Occasional ties exist: one of the names may be the same in German and Dutch, another name is common to all the Scandinavian languages, or an English cognate may turn up, but, in principle, there is “infinite variety.” For completeness sake, I can mention Slavic pakh, a word of questionable origin; it has nothing to do with pakhat’ (stress on the second syllable) “to plow” or pakhnut’ “to smell.”

Few hearts are broken forever. Image credit: Broken Love Heart bandage by Adhesive bandage drawing nevit. CC BY-SA 3.0 via Wikimedia Commons.

Why is it that heart has such venerable roots, while groin does not? Was the word for the groin slang or at least “a popular word” with ill-smelling connotations? Engl. groin goes back to Middle Engl. grynde; the loss of d has not been explained. Similar-sounding Old English words meaning “depression; dimple; snare” exist, but it is not clear whether they have anything to do with groin. The vowel in groin was long i (ī), and the expected modern form should have been grine. This “cockneyfied” pronunciation is not unique to groin: boil and joist also sound like “vulgar” forms. On the other hand, groin might have been influenced by loin, a noun of French origin. Don’t feel disheartened and gird up your loins for more riddles.

Featured Image: The lists: knights jousting.

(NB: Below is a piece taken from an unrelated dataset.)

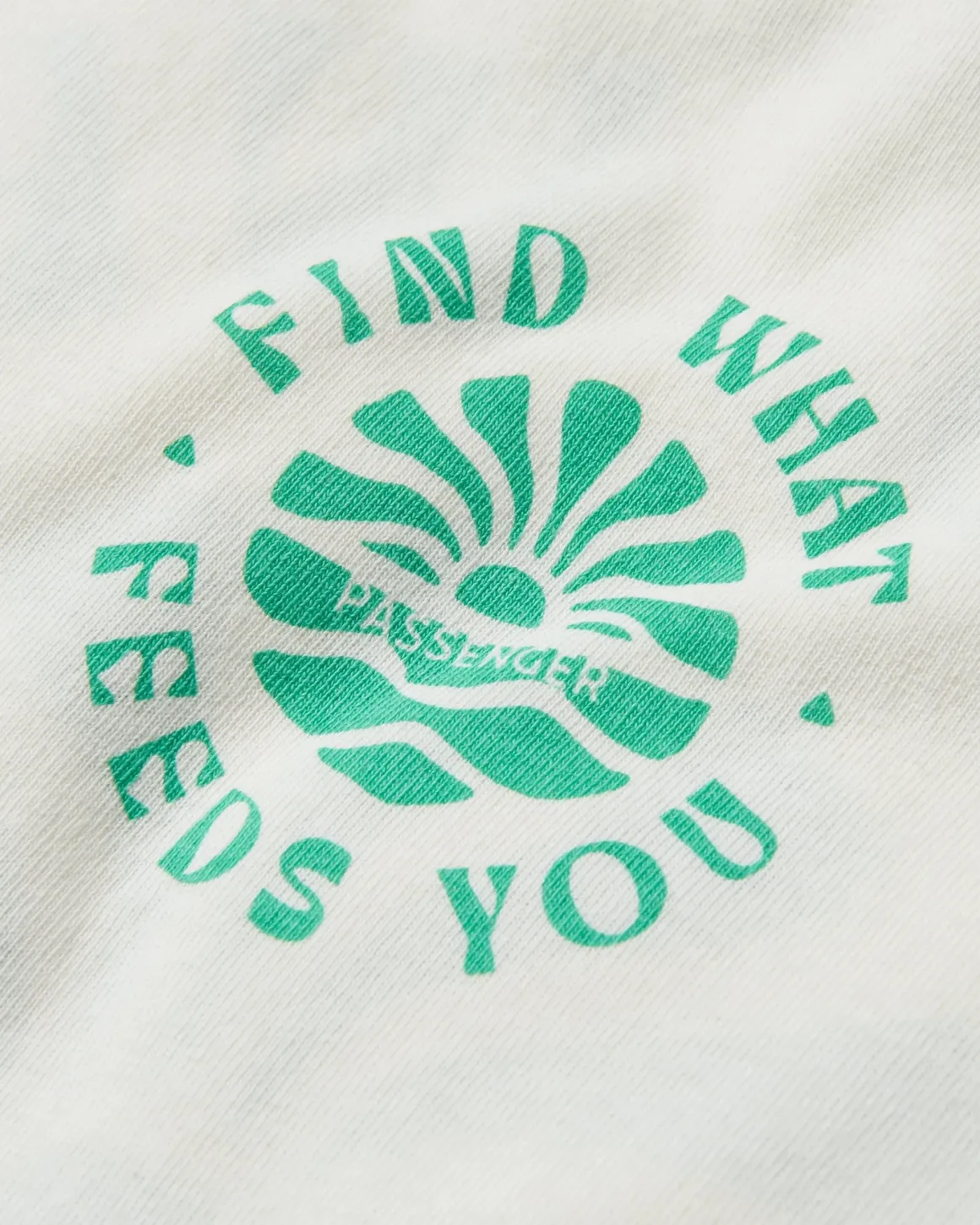 Discovery Rolled Sleeve T-Shirt - Marshmallow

Image credit: Spectacular Knight by PublicDomainPictures. CC0 via Pixabay

Recent Comments

  1. Jevgēnijs Kaktiņš

    For ablaut lovers – Latvian sirds and serde (core, apple-core) as well as corresponding Lithuanian širdìs šerdìs express sligthly different aspect that of insideness. Interestingly, official Prussian borrowing into Latvian for body ķermenis (Latin crorpus) could also be related to ķirmis (borer) that gnawing till the heart of wood. Vidus (LT vidùs) is also inner, middle part, while wood related to mežs (forest LV) – medis. (LT tree).

  2. Constantinos Ragazas

    Anatoly,

    The etymology of “brain” likely goes back to the Greek “frena” (brain). As in “phrenology”. Just as “heart” derives from the Greek “karthia” (heart).

    Here is one for you, Anatoly! What is the etymology of “joy”? Or try “glad”, instead.

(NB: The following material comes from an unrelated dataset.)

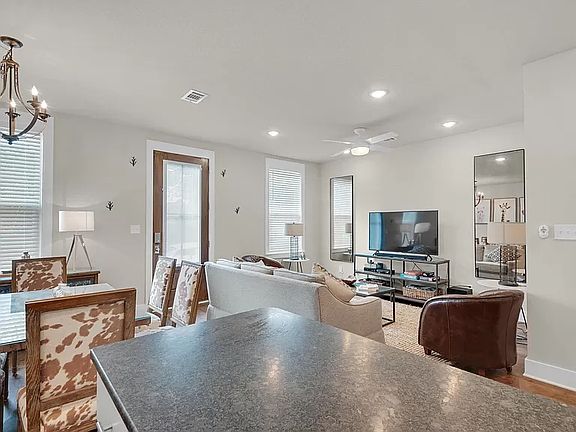 5th image of 254 N De Villiers St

    Etymology “bodybuilding” of English words begins with a thorough knowledge of Greek!

    Kostas

  3. Jason Schwartz

    From Proto-Indo-European *ḱr̥d. Vedic hṛd is a perfect cognate formally and semantically.

  4. Yves Rehbein

    For PIE root and the semantic developmet to heart I recently noticed the root *ker (“to run”, with a long bar over the e). Obviously, in physical exercise the heart is noticably pounding. To this day wd say that something “runs” (same in ger. “es geht”, fr. “ca va”).